Demotrix/Mayur. Assam Bandh Security. All rights reserved. Security personnel patrol during a ULFA-called strike. Demotrix/Mayur. All rights reserved.

So what does one do to solve the crisis? Since the solution lies in Delhi, the State Level Convention toured the capital from 21-26 July 2010 and met Prime Minister Manmohan Singh, Congress Chairperson Sonia Gandhi and Home Minister P C Chidambaram. They also called a press conference where the separatist movement was discussed and debated for two hours in front of all major media houses of India to raise awareness of the issue. But the next day, Hiren Gohain accused the so-called national media in India of its “poor coverage” of an issue that matters for twenty-seven million people in Assam. “At the press meet (in Delhi) we spoke for over two hours and not a single paper has mentioned it. . . This means that the information, on which the government acts, is restricted by the media and on the basis of the restricted media coverage if they take a decision there is every likelihood of error.”

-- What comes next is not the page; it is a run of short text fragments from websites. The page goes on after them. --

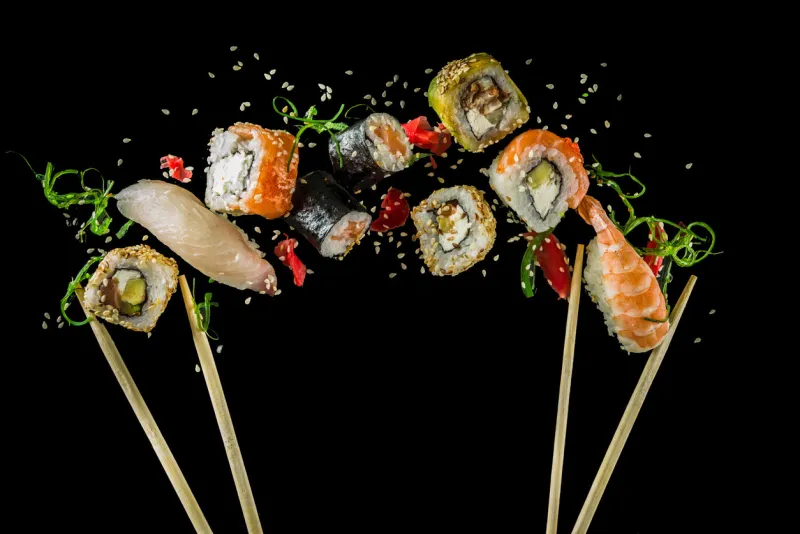 seamless pattern with sushi food abstract background flying sushi, sashimi and rolls isolated on the black background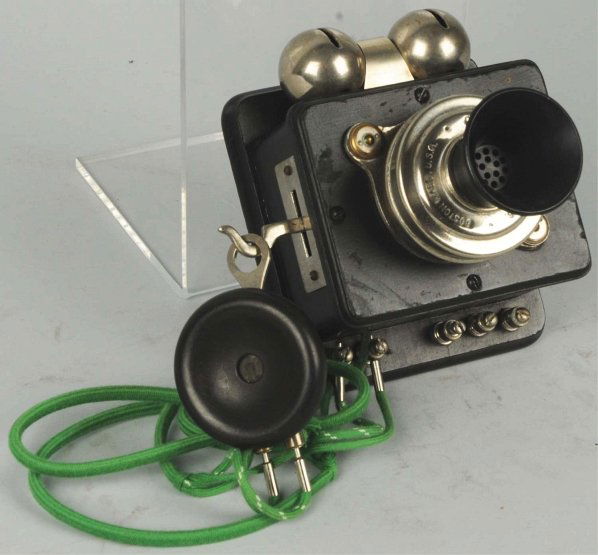 Couch and Seeley Compact Telephone.: Circa 1910, black painted wood, sleigh bells, marked transmitter, cast iron watch case receiver. Condition (Excellent). Size 5 - 1/2" L.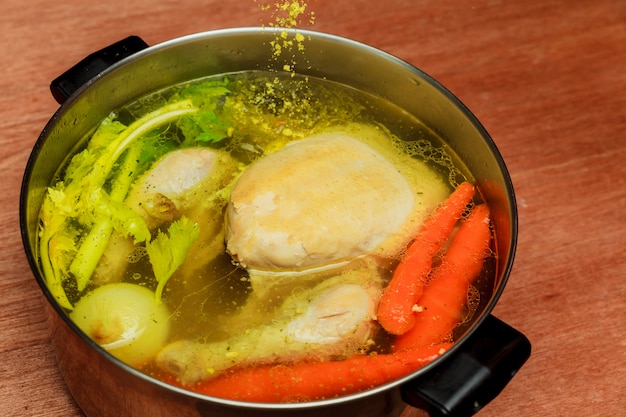 Chicken broth carrots chicken green Chicken soup in a bowl with crackers.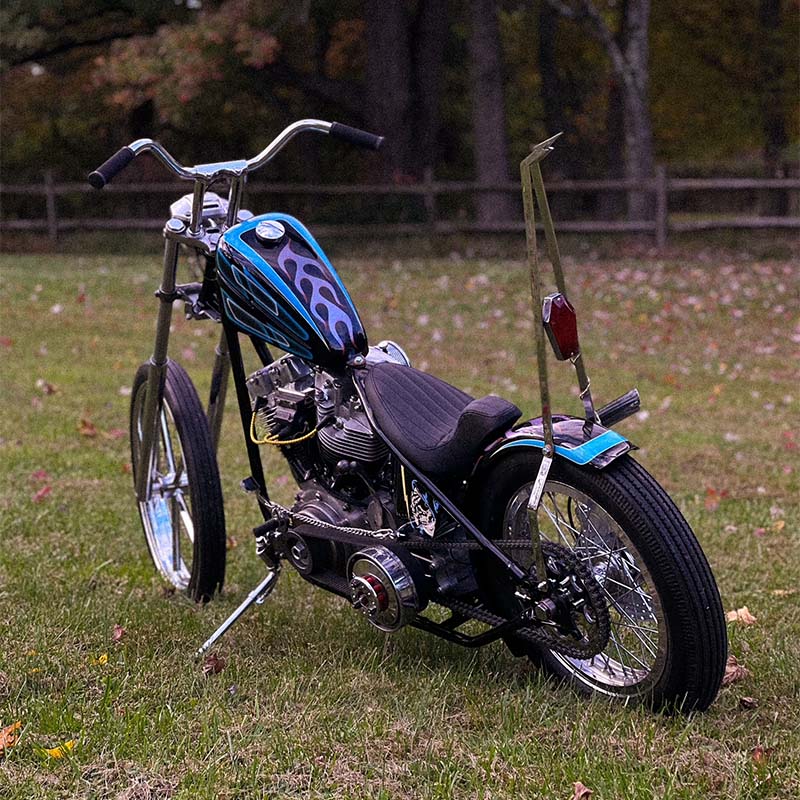 shovelhead chopper with purple flames and throttle addiciton hardtail kit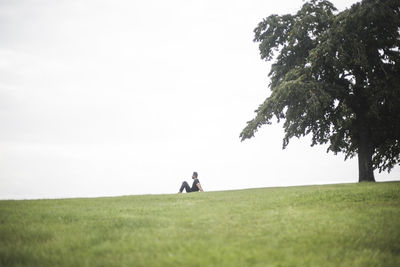 Mid distance view of man sitting on grassy field against sky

This behaviour is puzzling, since the same media is likely to go berserk, drumming up jingoistic passions and talking of the territorial integrity of India, at any prospect of succession. It’s high time at least that the international press take a deep look at the peripheries of India, where protracted wars by the state on its people continue unabated, mainly due to the absence of a responsible mainstream media in India.